仮定:素数の数が有限で、p1,p2,…,pnが全素数だとする

N = p1 × p2 × … × pn + 1 を考える

NをどのpiでもNで割ると余り1が出る(割り切れない)

→ NはN以外の素因数を持つか、N自身が素数

→ いずれも仮定と矛盾

結論:素数は無限に存在する

この証明は約2300年前に行われたものですが、現代でも有効な美しい論理です。

素数が無限に存在するというユークリッドの証明は、数学史上最も優雅な証明の一つとして知られています

リーマン予想と素数の分布

素数の分布に関する最大の未解決問題が「リーマン予想」です。

リーマン予想は1859年にゲオルク・ベルンハルト・リーマンが提唱したもので、「リーマンゼータ関数の非自明なゼロ点はすべて実部が1/2の直線上にある」という主張です。

この予想が証明されれば、素数の分布をより精密に記述できるようになります。

リーマン予想はクレイ数学研究所が設定した「ミレニアム懸賞問題」の一つであり、証明すれば100万ドルの賞金が贈られます。

現在も世界中の数学者が挑戦を続けている、数学最大の謎の一つです。

ゴールドバッハ予想

「4以上の全ての偶数は2つの素数の和で表せる」というゴールドバッハ予想も、1742年から未解決のままの有名な問題です。

ゴールドバッハ予想の例

4 = 2+2 6 = 3+3 8 = 3+5 10 = 3+7=5+5

100 = 3+97 = 11+89 = 29+71 = 41+59

現在は4×10の18乗までの偶数で成立が確認されているが、一般的な証明はまだない

非常にシンプルに見える命題が280年以上証明されていないことは、素数の深さを物語っています。

コンピュータによる検証では膨大な範囲で成立が確認されていますが、「全ての偶数」に対する数学的証明は未だ達成されていません。

まとめ

本記事では、1から100までの素数の定義・一覧・見つけ方・判定方法・応用・未解決問題まで幅広く解説しました。

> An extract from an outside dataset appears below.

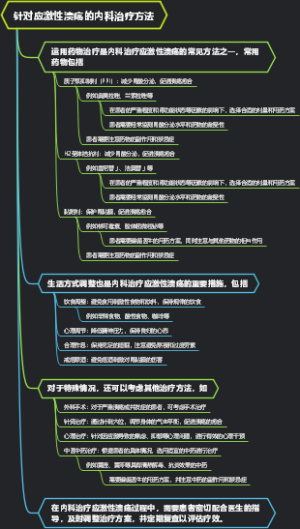 针对应激性溃疡的内科治疗方法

1から100の素数は全部で25個あり、2・3・5・7・11・13・17・19・23・29・31・37・41・43・47・53・59・61・67・71・73・79・83・89・97がその一覧です。

エラトステネスの篩を使えば、√n以下の素数の倍数を除去するだけで効率よく素数を見つけることができます。

素数はRSA暗号をはじめとする現代のセキュリティ技術の根幹を支えており、日常のインターネット生活とも深く結びついています。

リーマン予想やゴールドバッハ予想のように、シンプルな問いから深遠な謎が生まれるのが素数の魅力です。

数学の基礎として素数の知識を身につけることで、より広い数学の世界への扉が開かれるでしょう。